Captioned web image data:
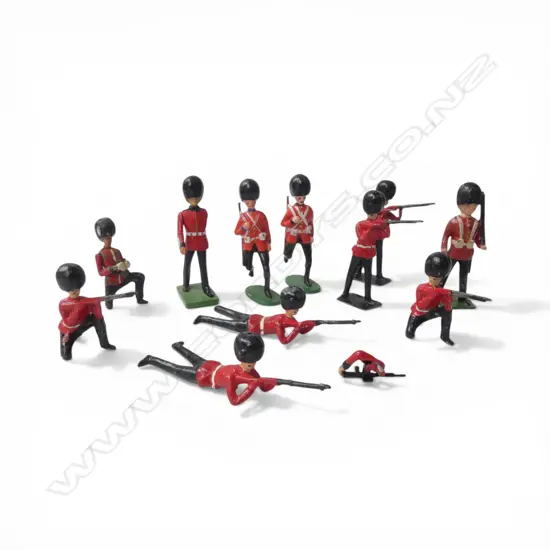 BRITAINS LEAD SOLDIER GUARDS 12 hollowcast & 3 solid cast 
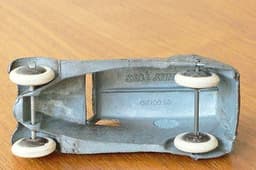 Dinky Pre war 28s Delivery van FRY´S COCOA CHOCOLATE - one out of six for sale !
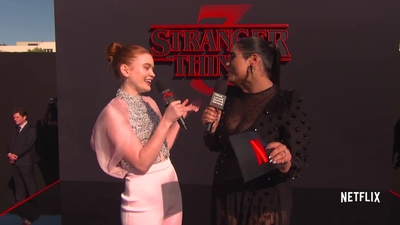 2019-06-28_-_Stranger_Things_Season_3_Premiere_4_mp43609.jpg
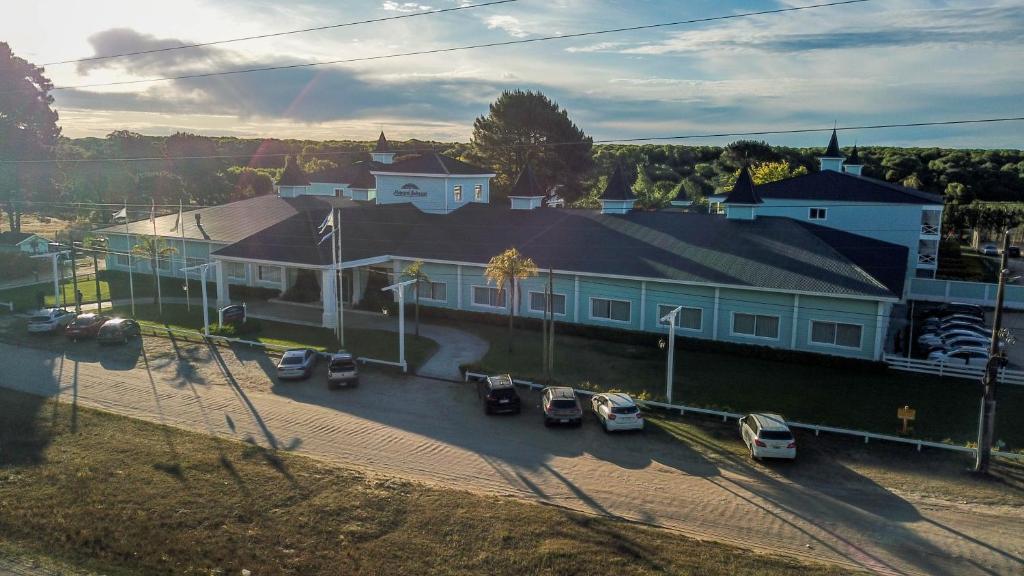 Howard Johnson Hotel & Convention Center Madariaga - Carilo - 3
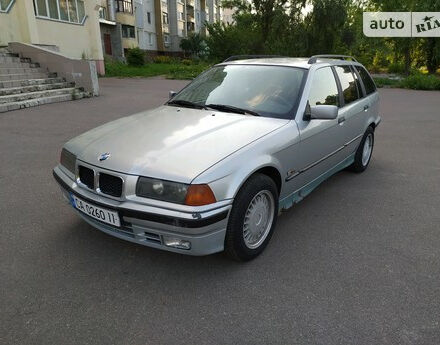 Фото на отзыв с оценкой 4.4 о BMW 318 1996 году выпуска от автора "Евгений Палиенко" с текстом: За час користування в автомобілі були замінені всі рідини, ремень ГРМ, стойки задні, Плюси: авто ...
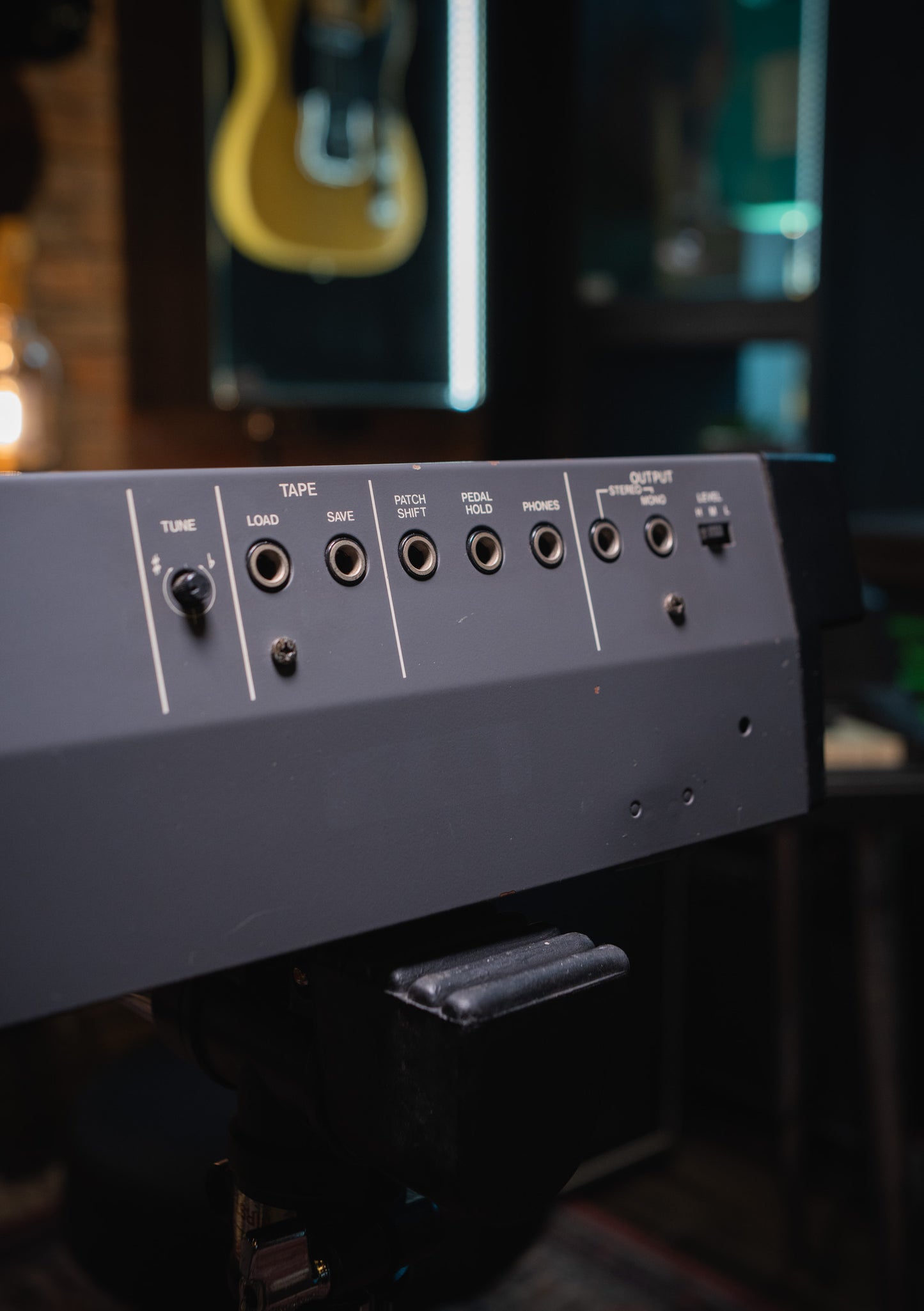 Roland Juno-106 (110v) Clásico usado (incluye funda) -Sintetizador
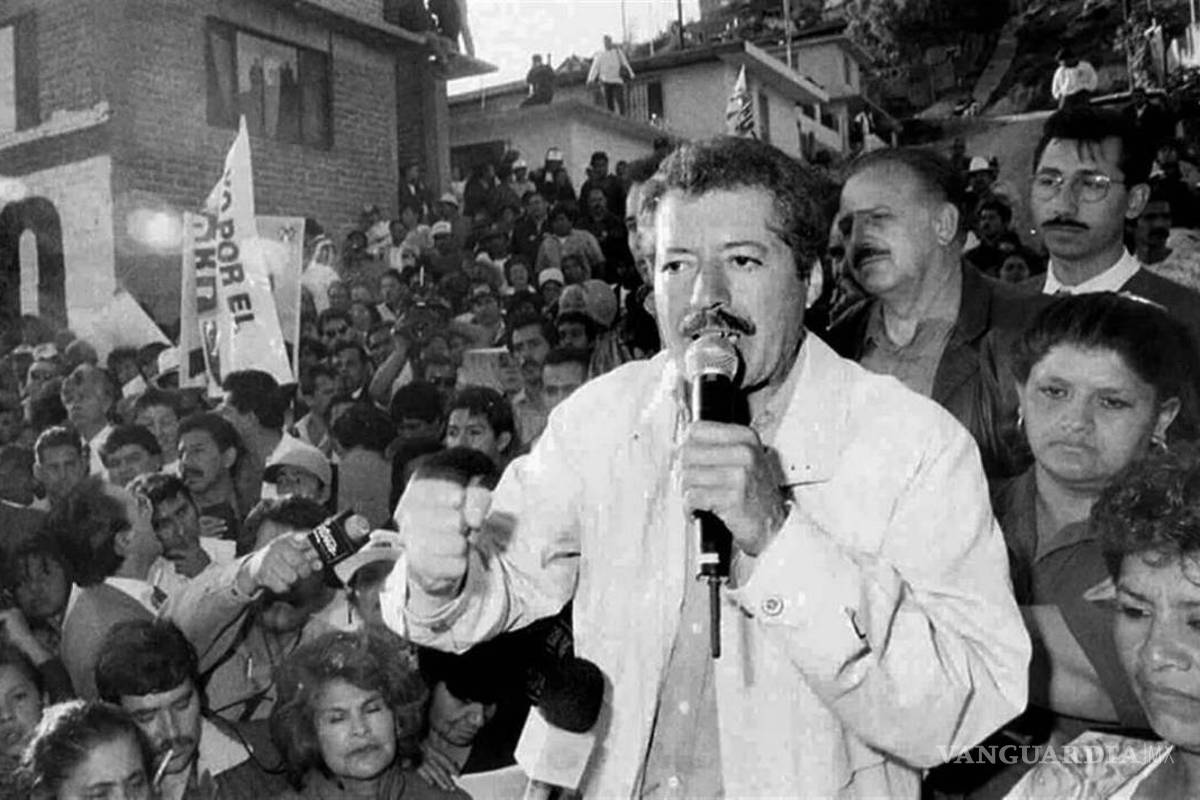 AMLO pide reabrir caso Colosio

▶ **Work task**
Beginning with the line that contains "Howard Johnson Hotel" and ending with the last line of the data, restate each line word for word. Exclude the pictures.

▶ **Result for this exercise**
 Howard Johnson Hotel & Convention Center Madariaga - Carilo - 3
 Фото на отзыв с оценкой 4.4 о BMW 318 1996 году выпуска от автора "Евгений Палиенко" с текстом: За час користування в автомобілі були замінені всі рідини, ремень ГРМ, стойки задні, Плюси: авто ...
 Roland Juno-106 (110v) Clásico usado (incluye funda) -Sintetizador
 AMLO pide reabrir caso Colosio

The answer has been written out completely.